High temperatures are normal for kids

Fever is a sure sign that the body’s natural defenses are helping to fight an infection. But when your child is red-faced and burning up, how many parents say to themselves “Oh good, little Suzie’s body is working just the way it should!” No, we get out the thermometer, give it a few vicious shakes and call the doctor before the mercury hits 102.

The medical journals have a name for this syndrome: It’s called fever phobia and according to the textbooks it accounts for more phone calls and visits to pediatricians’ offices than almost any other symptom. But parents aren’t the only ones who have this near-visceral reaction. Over the last decade, numerous studies have found that doctors actually perpetuate fever phobia by fixating on a child’s temperature when inquiring about symptoms. The result is a lot of unnecessary medication.

Additional Problem

One of the latest such studies, published in the May 2000 issue of Pediatrics, suggests an additional problem. Half of the 161 pediatricians surveyed about fever management reported that they regularly advise parents to alternate between acetaminophen (Tylenol) and ibuprofen (Advil or Motrin). This is alarming news, as the authors of the study – a team of doctors at Winthrop University Hospital in Mineola, N.Y. – make clear: There is presently no scientific evidence that this is safe or achieves faster resolution than either agent alone,” they wrote. “There is evidence that the improper use of these agents may cause harm.”

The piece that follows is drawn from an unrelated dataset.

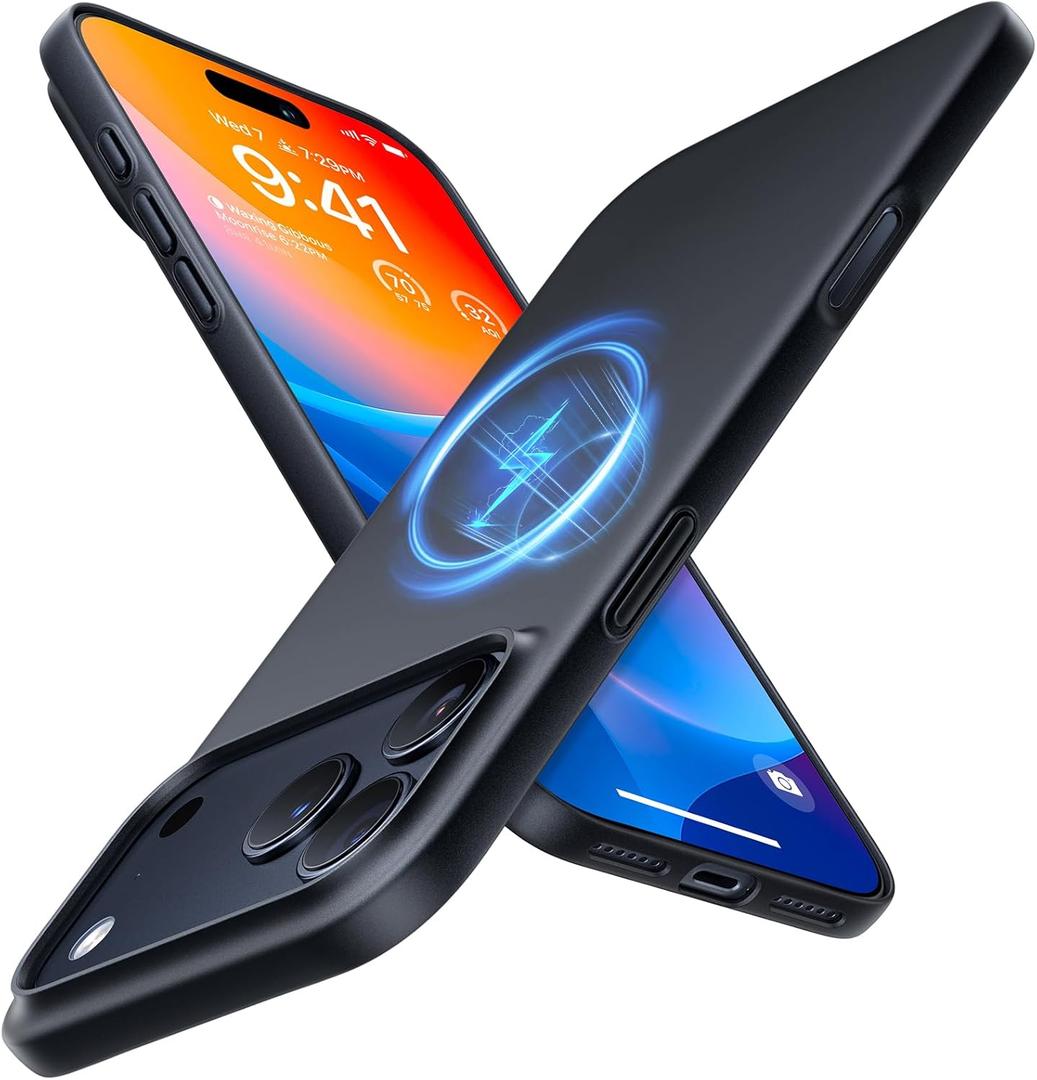 TORRAS 360 Magnetic Stand for iPhone Air Case, [Fit for MagSafe] [MilitaryGrade Protection] Translucent Slim Case for iPhone 17 Air, 2025, Obsidian Black, Ostand O3 Fitness Series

The potential risk for over-dosing and double-dosing is not only serious but well documented. A 1998 study in the same medical journal showed that parents perceived acetaminophen as a safe drug and are unaware of its potential consequences when given incorrectly. Those consequences include allergic reactions and serious liver damage.

Other studies have consistently identified control of fever to be a major issue for both doctors and caregivers. For example, a 1992 study showed that 65 percent of Massachusetts pediatricians said they believed that fever itself could be dangerous to a child. Seventy-two percent reported that they “always” or “often” recommend treatment to reduce fever, while 89 percent did so at a temperature between 101 and 102 degrees. Many of the doctors cited death and brain damage as potential complications of untreated fever.

It ain’t necessarily so

The truth is that fever of less than 107 degrees is not responsible for such complications. Children can have high temperatures (that would make an adult feel very ill) and still have nothing very much wrong with them, according to “The Philadelphia Children’s Hospital Book of Pregnancy and Child Care,” edited by Dr. Patrick S. Pasquariello. The height of the temperature doesn’t necessarily reflect the severity of the illness. More important is the child’s appearance and behavior. Does he seem sick? Is he lethargic? Is he responsive? Is he in pain?

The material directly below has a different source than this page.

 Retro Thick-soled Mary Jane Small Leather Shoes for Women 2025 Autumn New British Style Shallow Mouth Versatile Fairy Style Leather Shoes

Many parents are concerned, justifiably about meningitis. Signs of this life-threatening illness, stiffness of the neck, listlessness, poor appetite, vomiting, inconsolable crying or irritability or headache. Certainly if you suspect meningitis, seek medical help immediately. If a baby under 3 months of age has a fever, that is also reason promptly to see a doctor. Babies typically don’t come down with fevers.

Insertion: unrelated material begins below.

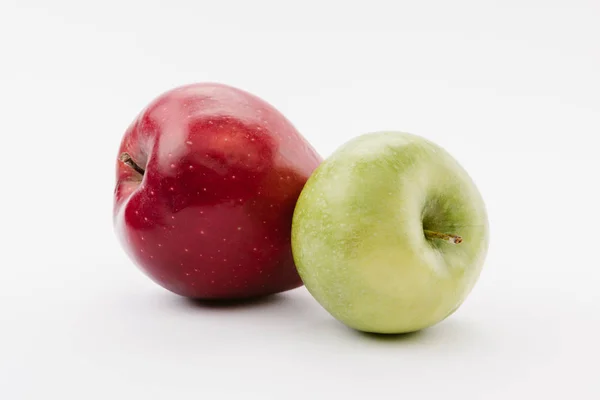 Tasty Ripe Red Green Apples White Background — Free Stock Photo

But for the rest of us, a little fever can do a lot of good. It kills many germs, including strep. Pneumonia, the bacteria responsible for many ear infections and pneumonia. To let the body heal itself – without unnecessary medications consider these alternatives:

  • Encourage the child to rest by reading her a book and sponging her wrists and the back of her neck with lukewarm water.

  • Bring her plenty of liquids, broths, teas and fruit juice or Popsicles.

  • Offer light foods.

  • Squirt half a dropper of echinacea in her fruit juice, and give vitamin C and garlic.